SINGAPORE — Stocks in the Asia-Pacific region surged on Wednesday after a strong rebound in U.S. stocks overnight.
The Nikkei 225 in Japan rose 2.33% with Fast Retailing and Tokyo Electron up 1.75% and 4.98% respectively. The Topix index gained 1.92%.
Hong Kong’s Hang Seng Index rose 2.03% and the Hang Seng Tech Index rose 2.77%. Tencent jumped 2.52% and Meituan 3.65%.
The South Korean Kospi rose 0.98% and the Kosdaq 1.33%.
In Australia, the S&P/ASX 200 rose 1.76%.
Reserve Bank of Australia Governor Philip Lowe said on Wednesday that inflation for the June quarter to be released next week will show further acceleration and that there must be a return to inflation of 2 % to 3%.
Prices rose 5.1% in the March quarter. In his speech, Lowe also said that the nominal neutral rate is at least 2.5%, while current rates are at 1.35%.
Mainland China markets increased. The Shanghai Composite gained 0.71% and the Shenzhen Component rose 0.92%.
China kept its prime rates on one-year and five-year loans unchanged at 3.7% and 4.45% on Wednesday.
MSCI’s broadest Asia-Pacific ex-Japan equity index rose 1.3%.
US stocks rallied on Tuesday in the United States after strong earnings reports.
The Dow Jones Industrial Average jumped 754.44 points, or 2.43%, to 31,827.05. The S&P 500 jumped 2.76% to 3,936.69 and the Nasdaq Composite rose 3.11% to 11,713.15.

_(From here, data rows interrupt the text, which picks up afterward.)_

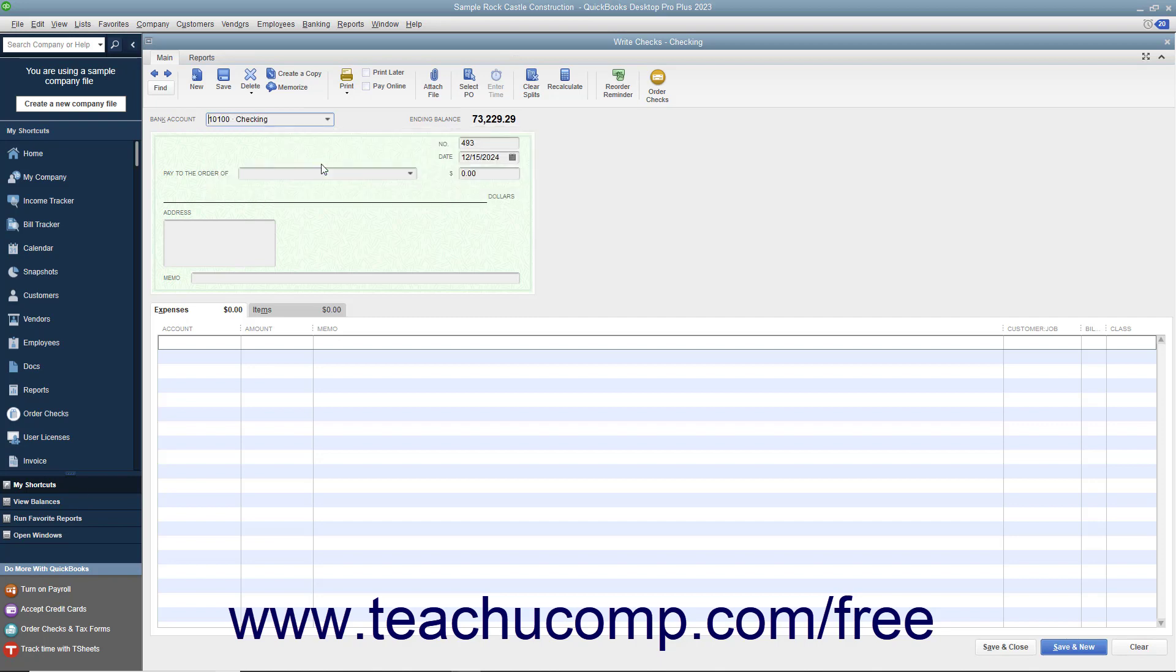Next, decide whether you will be printing this check or whether you will simply be recording a check or other electronic withdrawal transaction. If recording a check you have already written or recording an electronic withdrawal, then enter the check number that was issued into the number field. You can enter your own code for checking withdrawal transactions that lack a code, like an ATM withdrawal, for example.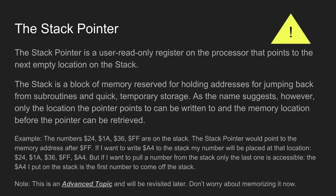The stack pointer, I've marked with sort of a caution symbol, because this is probably the most complicated thing we're going to touch on this episode. It's a user read-only register on the processor that points to the next empty location on the stack. The stack is a block of memory reserved for holding addresses for jumping back and forth between subroutines. But as the name suggests, as a stack, you can only place items on top of it and pull items off the top.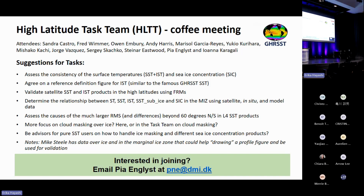It was also suggested that the task team could act as advisors to SST users on how to use the different sea ice concentration products and handle the ice masking in the sea surface temperature products.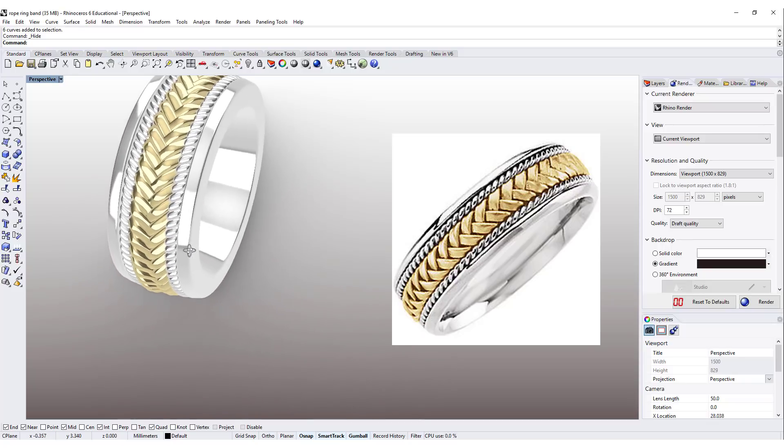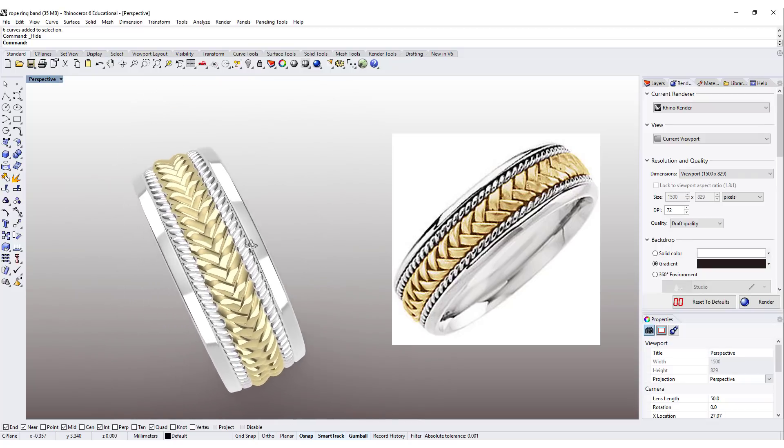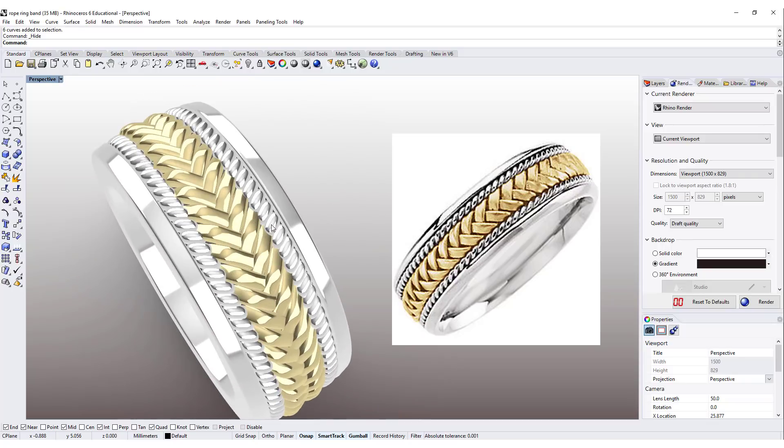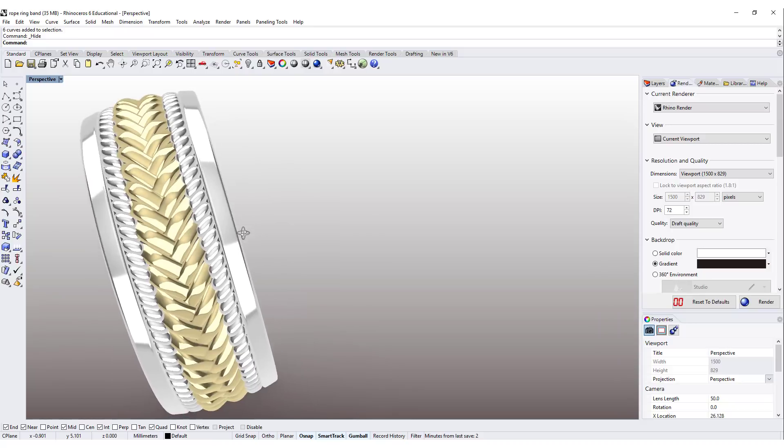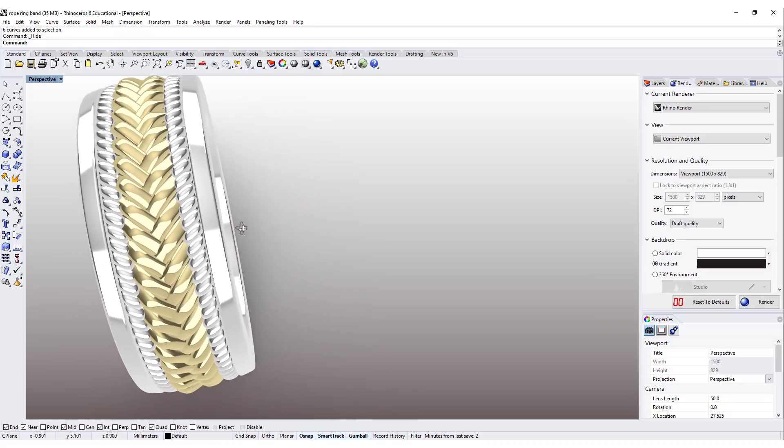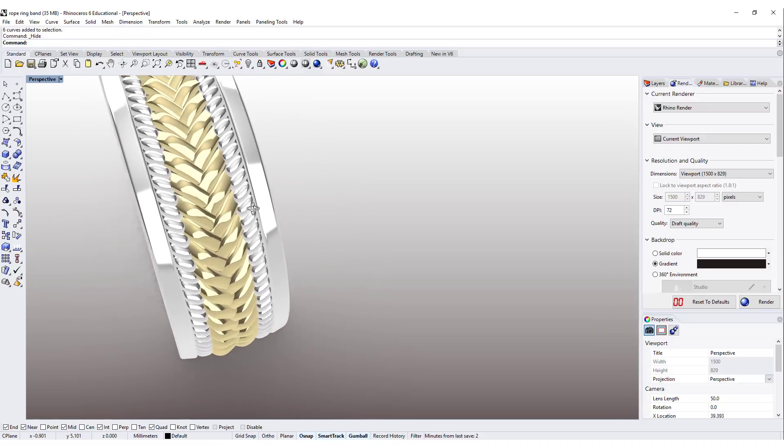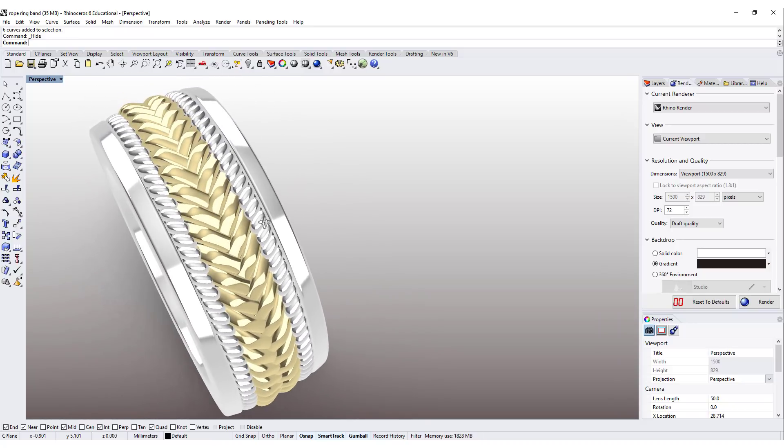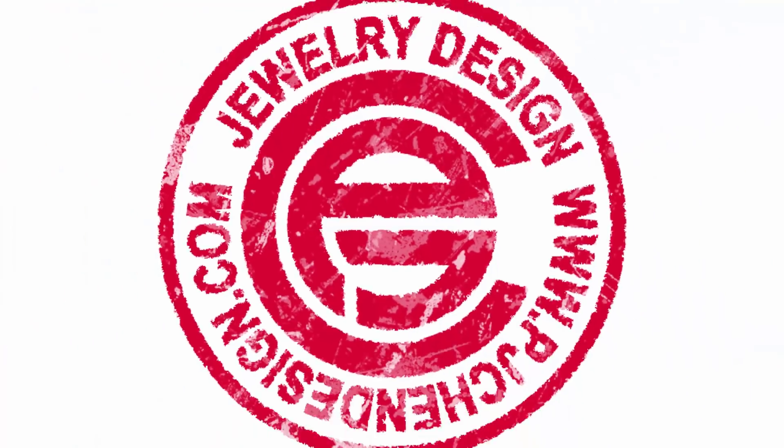Hello everybody. Welcome back to PG Chain Design. Today what we're gonna do is finish up this ring band from last video. Are you ready? Let's get started.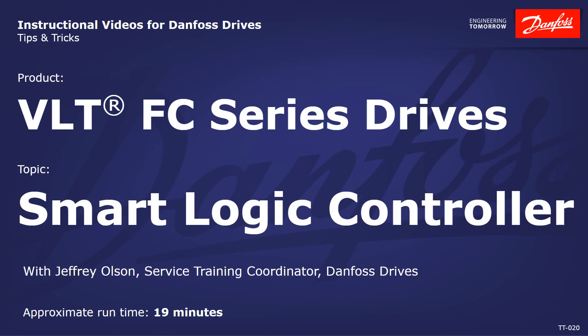Hello everybody, Jeff Olson here with Danfoss Drives. In today's video, I'm going to display how to use our SmartLogic Controller, otherwise known as the SLC.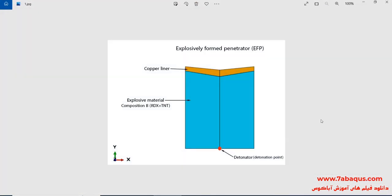In this illustration, we intend to simulate the explosively formed penetrator in the Abaqus software. This process is a special type of shaped charge. As you observe in the picture, the warhead is composed of explosive material and liner, and the detonator has been distinguished by red color. The explosive material is Composition B, which is a compound of RDX and TNT.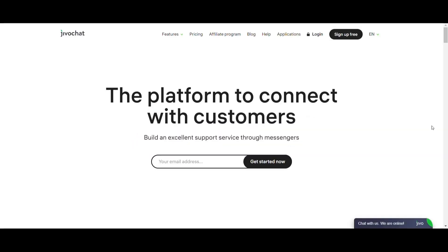Hello, this is Nathalia from Jivo. Today I'm going to show you how JivoChat works and how we can help you earn more without losing customers.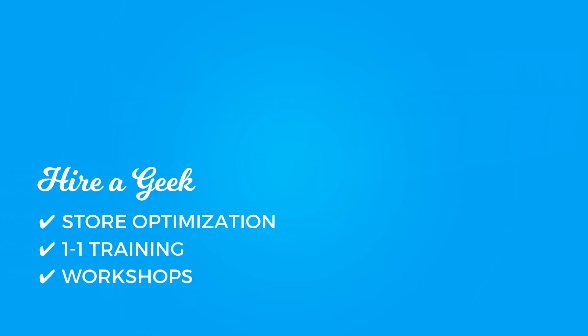Looking to improve your store? Hire a geek. We offer individual store optimizations, one-on-one training, as well as workshops. Check out the description below for more information.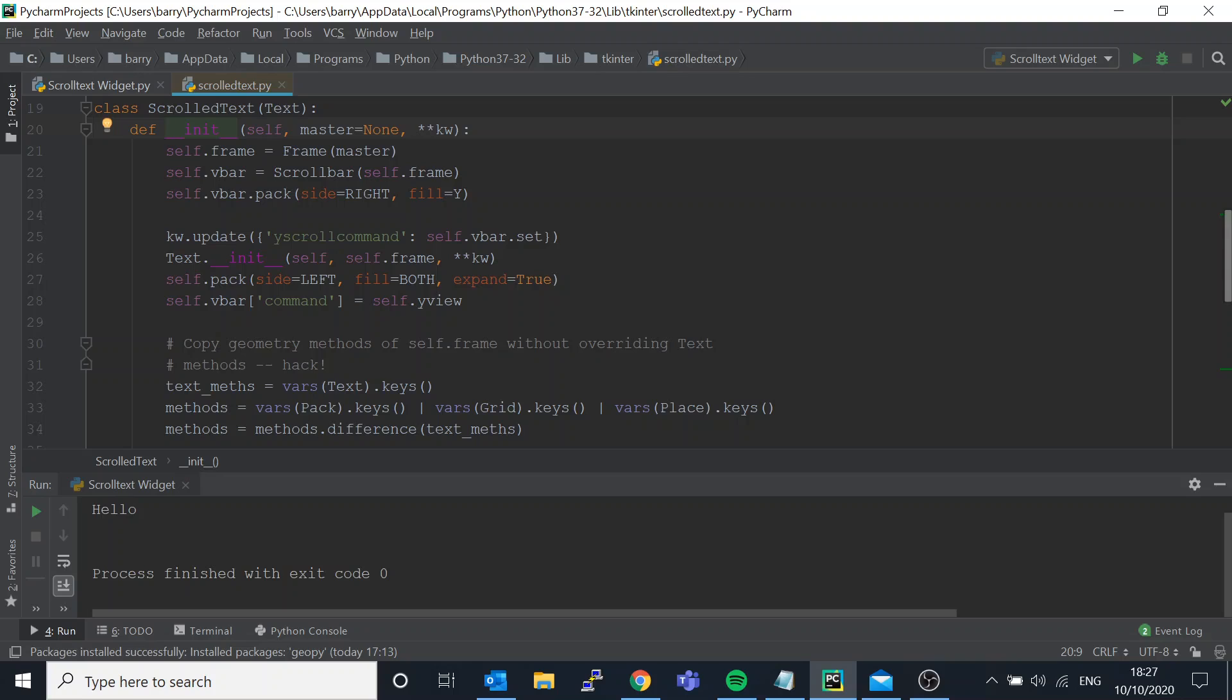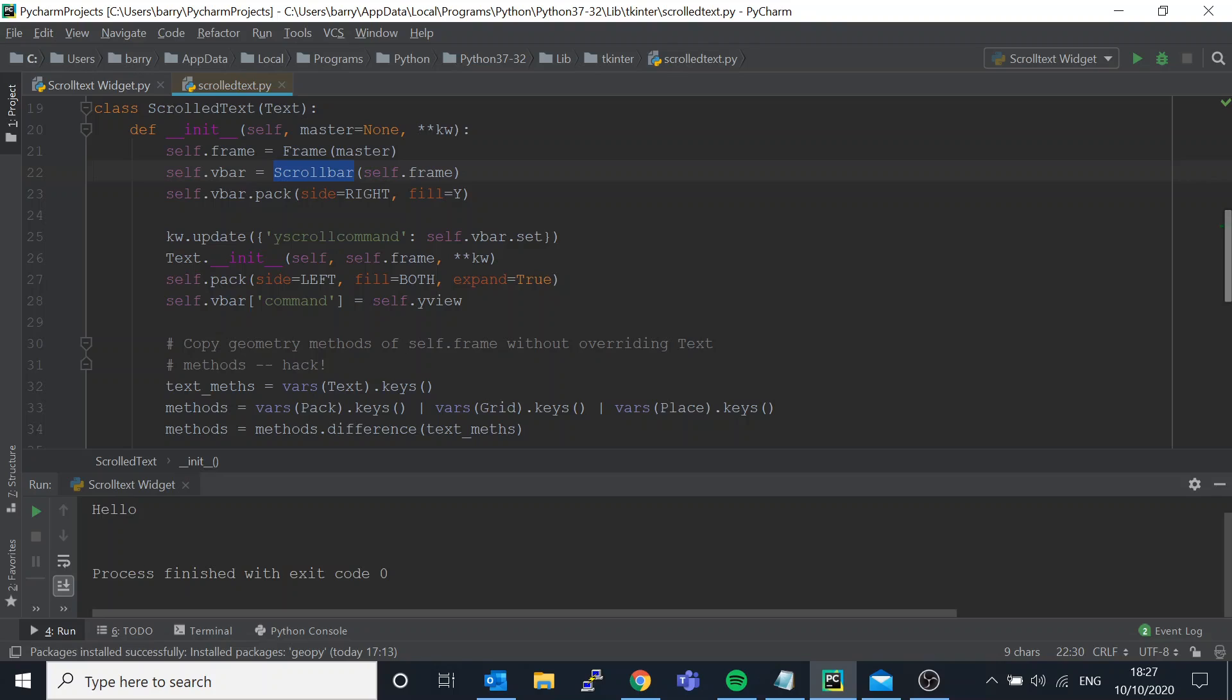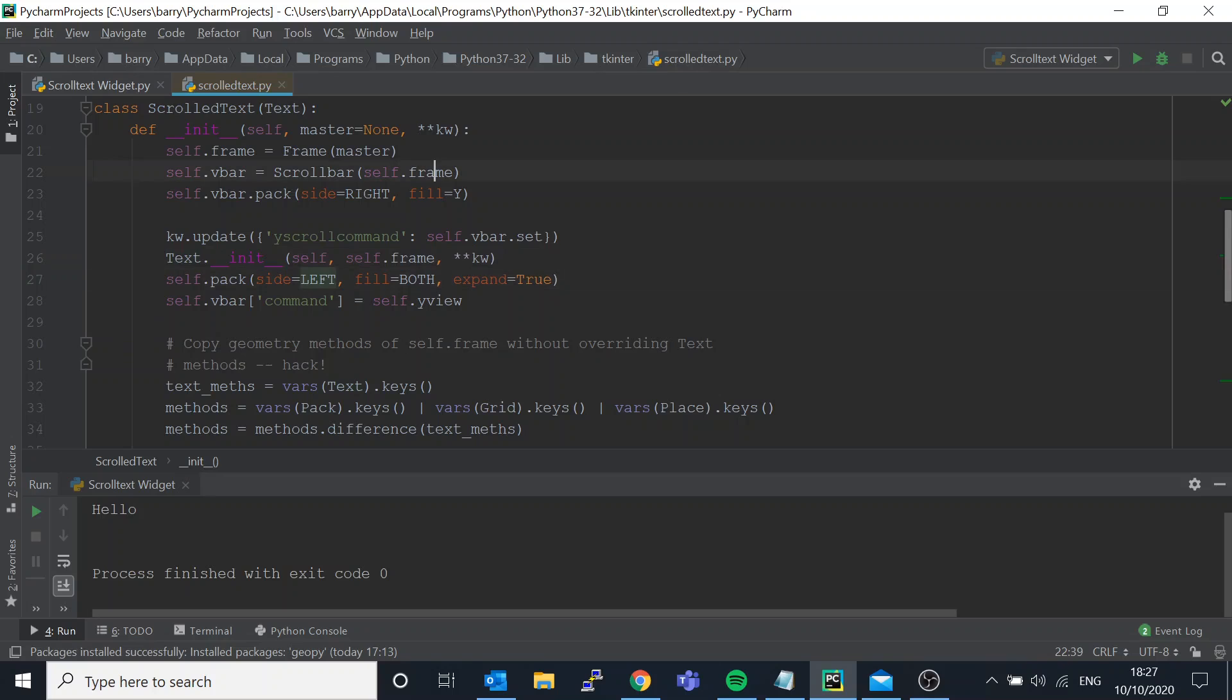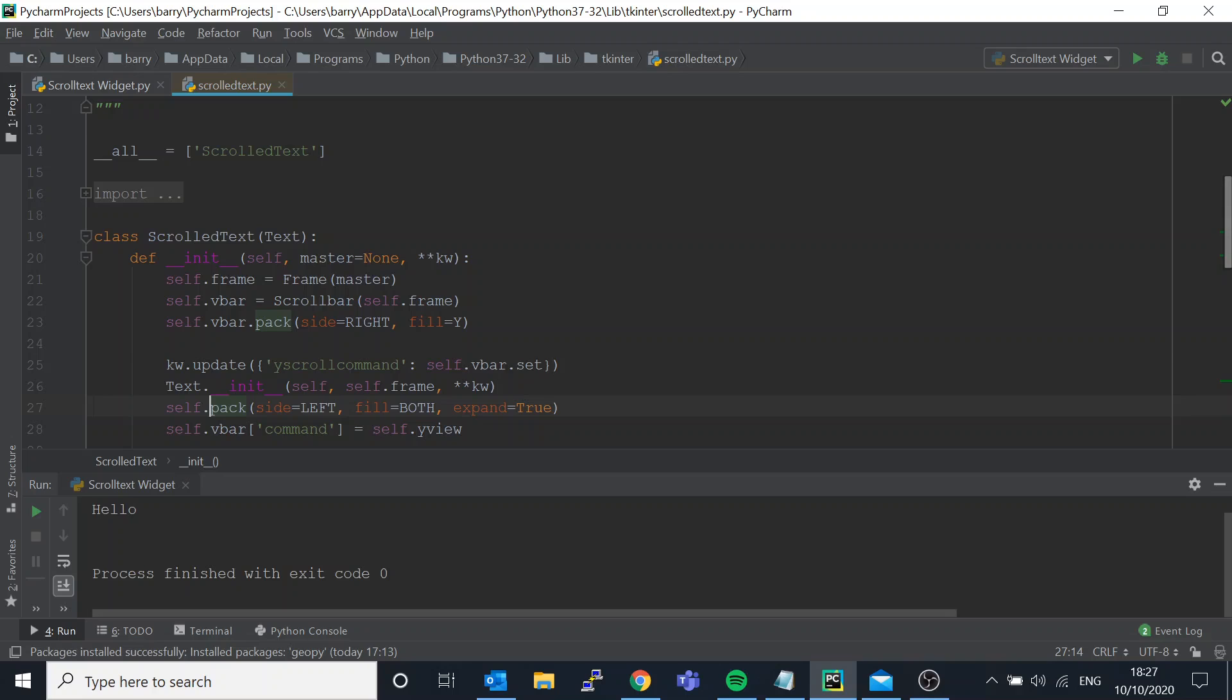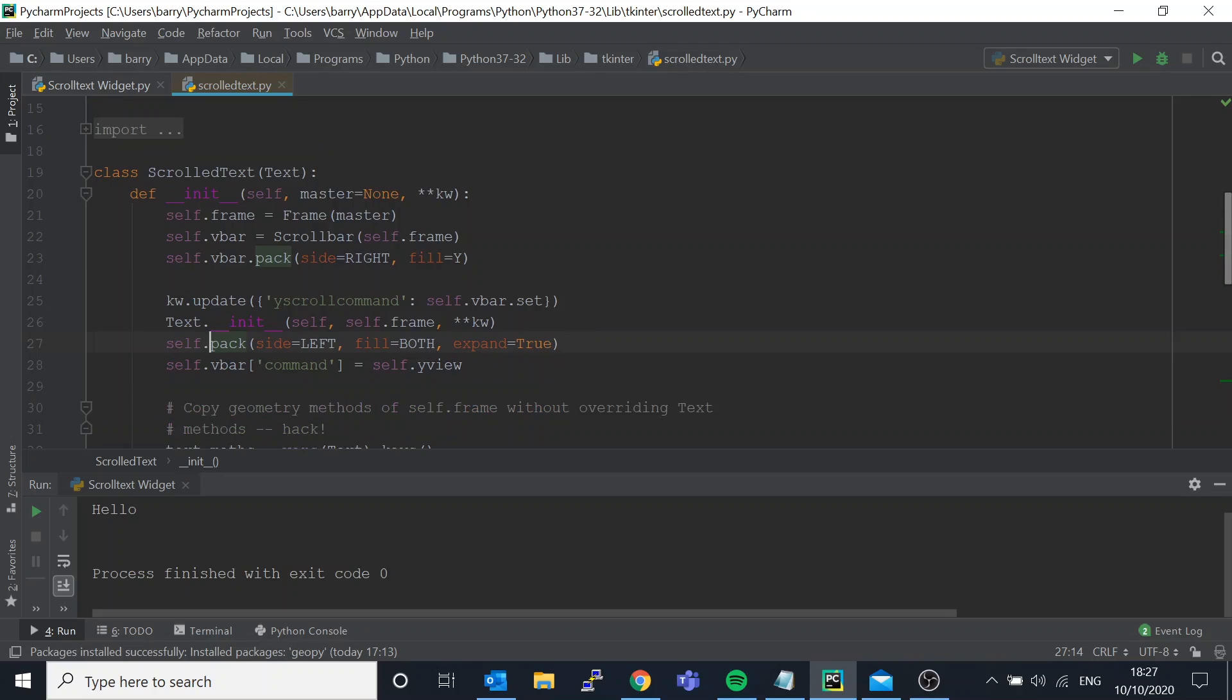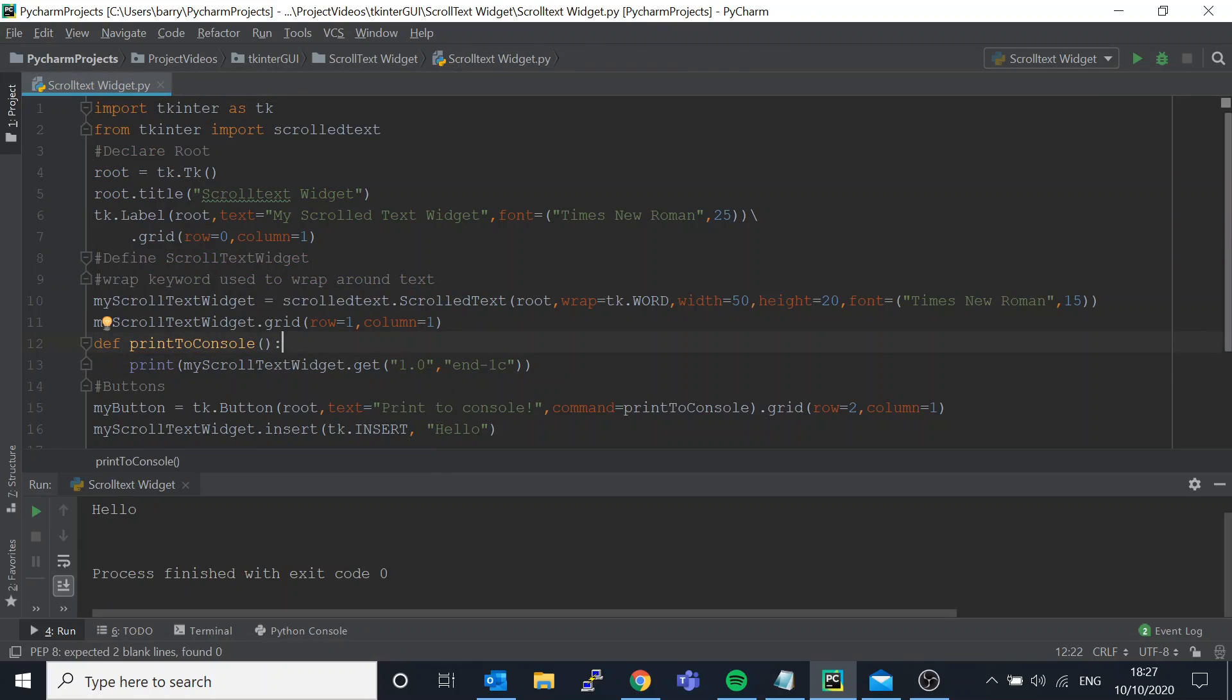We've got the scroll bar widget which we saw, and we also have the text widget there. We have the text with the scroll and scroll bar with the text. So it's very similar.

Apart from the positive lead from Wall Street, it was also reported that Russia and Ukraine were close to reaching an agreement that would end the blockade of grain exports and that Nord Stream 1 should restart gas exports in the delays once the maintenance is finished.
“There is still a lot of uncertainty as to whether they will actually materialize, [but] a little bit of good news does a lot in this market,” Tai Hui, chief global market strategist for APAC at JPMorgan Asset Management, told CNBC in a phone call today.
That said, it will likely be a near-term rebound in the market as uncertainties about the Fed and corporate earnings remain, he said.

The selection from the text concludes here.